In [None]:
!apt-get install -y xvfb python-opengl ffmpeg > /dev/null 2>&1
!pip install -U colabgymrender
!pip install -U moviepy==0.2.3.5
!pip install imageio==2.4.1
!pip install --upgrade AutoROM
!AutoROM --accept-license
!pip install gym[classic_control] > /dev/null 2>&1

In [None]:
import numpy as np
import torch
import torch.nn as nn
import torch.optim as optim
import gym
from colabgymrender.recorder import Recorder
directory = './video'


## Introducing the Environment

[![Open in Colab](https://colab.research.google.com/assets/colab-badge.svg)](https://colab.research.google.com/drive/1nH4ia3YaOF455jcrfXNzKxTNpMQl8gdP?usp=sharing)

### CartPole-V0

CartPole-V0 is a classic control problem in the field of reinforcement learning. The task is to balance a pole on a cart by moving the cart left or right. The environment consists of a cart that can move horizontally along a track, and a pole that is attached to the cart by a hinge. The pole can rotate freely around the hinge, and the goal is to keep the pole balanced by moving the cart to keep the pole upright.

The observation space consists of four variables: the horizontal position and velocity of the cart, and the angle and angular velocity of the pole. The action space consists of two discrete actions: move the cart to the left, or move the cart to the right. The episode ends when the pole falls beyond a certain angle, or the cart moves too far from the center.

In [None]:
env = gym.make('CartPole-v0')
env = Recorder(env, directory)

obs = env.reset()
for i in range(500):
    action = env.action_space.sample()
    obs, reward, done, info = env.step(action)

    if done:
        break

env.play()

# Part 1: Policy Gradient

In this assignment, we will implement the Policy Gradient algorithm. This algorithm is a popular reinforcement learning algorithm that can be used for both discrete and continuous action spaces. 

## Overview

The Policy Gradient algorithm uses a neural network to learn a policy that maps states to actions. The algorithm collects a set of trajectories, which are used to update the policy network. 

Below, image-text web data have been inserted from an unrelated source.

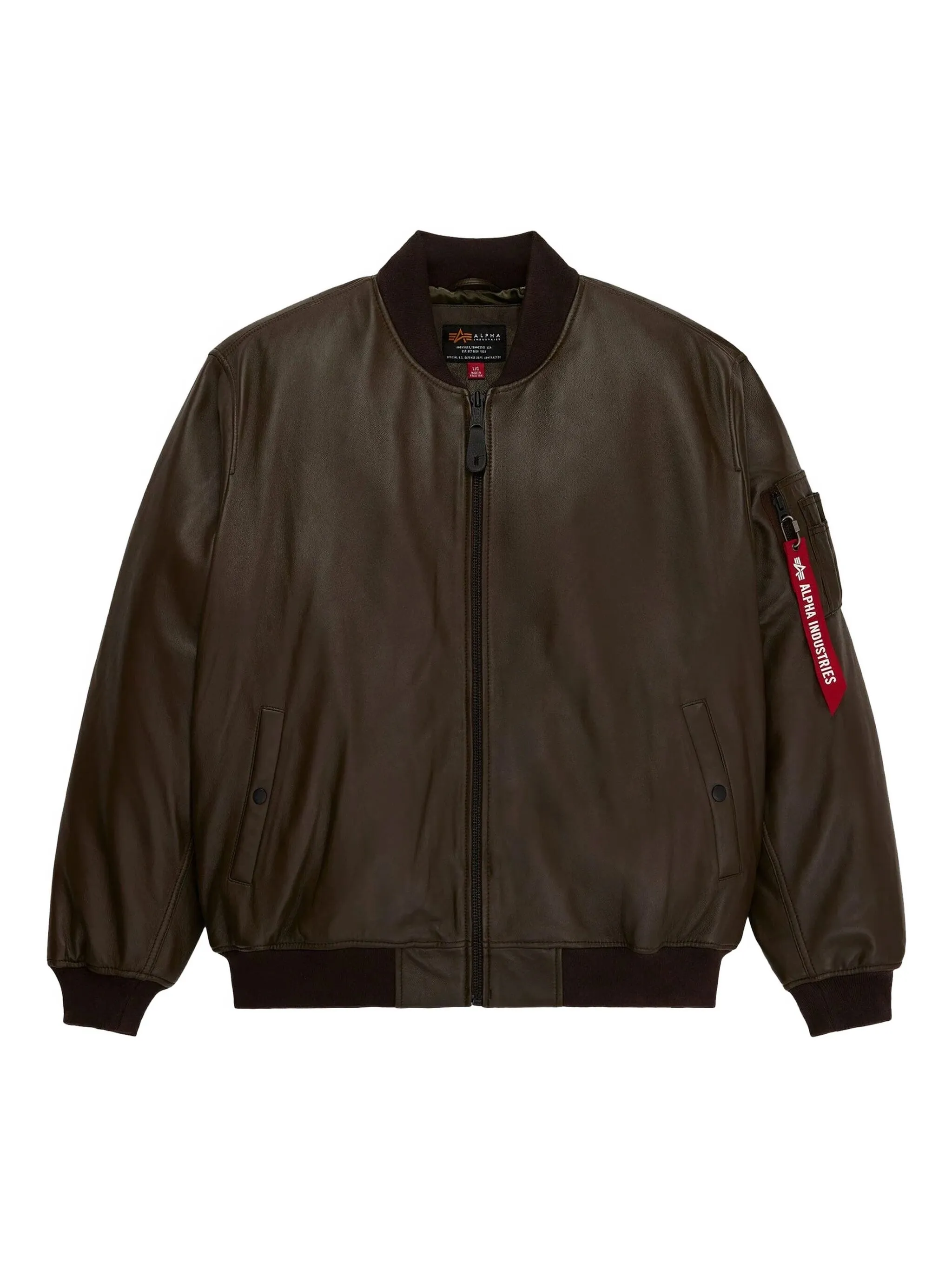 Куртка MA-1 Alpha Industries, коричневый
Куртка MA-1 Alpha Industries, коричневый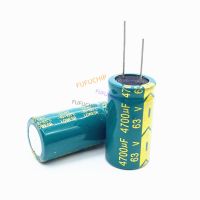 10pcs/lot 63V 4700UF Aluminum Electrolytic Capacitor Size 22x40 4700UF 63V4700uf 20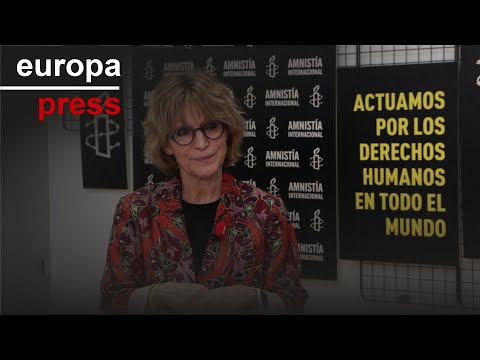 Secretaria general de Amnistía: "EEUU y Alemania podrían ser hallados cómplices del genocidio"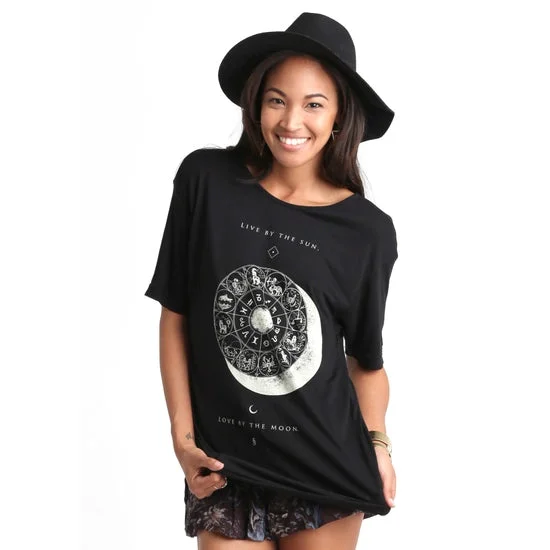 Tee (Scoop) – Eclipse Black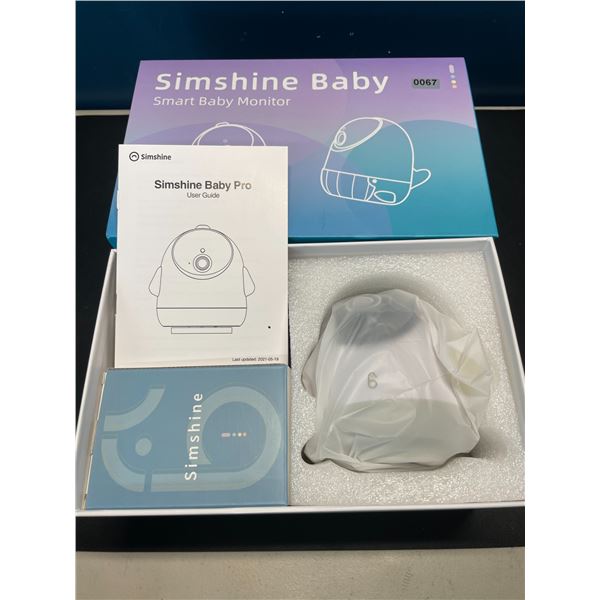Lot of 1 Simshine Baby Pro Smart Baby Monitor - Brand New!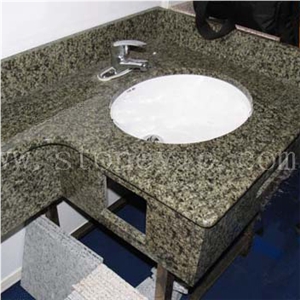 Green Granite Vanity Top 26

The goal in reinforcement learning to maximize the performance, i.e. find a policy $\pi_{\theta}$ that induce a distribution over trajectories $P_\theta(\tau)$ such that when we sample trajectories $\tau$ from it, the expected reward $r(\tau)$ is maximized. 
$$ J(\theta) = \mathbb{E}_{\tau \sim P_{\theta}}[r(\tau)] $$

each trajectory or rollout $\tau$ is of length $T$ can be defined as 

$$ P(\tau) = p(s_0) \pi_θ (a_0|s_0) \prod_{t=1}^{T-1} p (s_t|s_{t-1}, a_{t-1}) \pi_\theta (a_t | s_t)$$

and the reward of a trajectory is

$$ r(\tau) = \sum_{t=0}^{T-1} r(s_t, a_t)$$

The policy gradient theorem gives us a gradient for the objective:

$$ \nabla_\theta J(\theta) = \mathbb{E}_{\tau \sim P_{\theta}}[\nabla_θ \log P_\theta (\tau) r(\tau)] $$

which in practice can be approximated from $N$ trajectories as follows:-

$$ \nabla_\theta J(\theta) \approx \frac{1}{N} \sum_{i=1}^{N} \Biggl( \sum_{t=0}^{T-1} \nabla_\theta \log \pi_\theta(a_{it}|s_{it})\Biggl) \Biggl(\sum_{t=0}^{T-1} r(s_{it}, a_{it}) \Biggl) $$

where $s_{it}$ and $a_{it}$ are the states and actions of trajectory $i$ and time $t$. 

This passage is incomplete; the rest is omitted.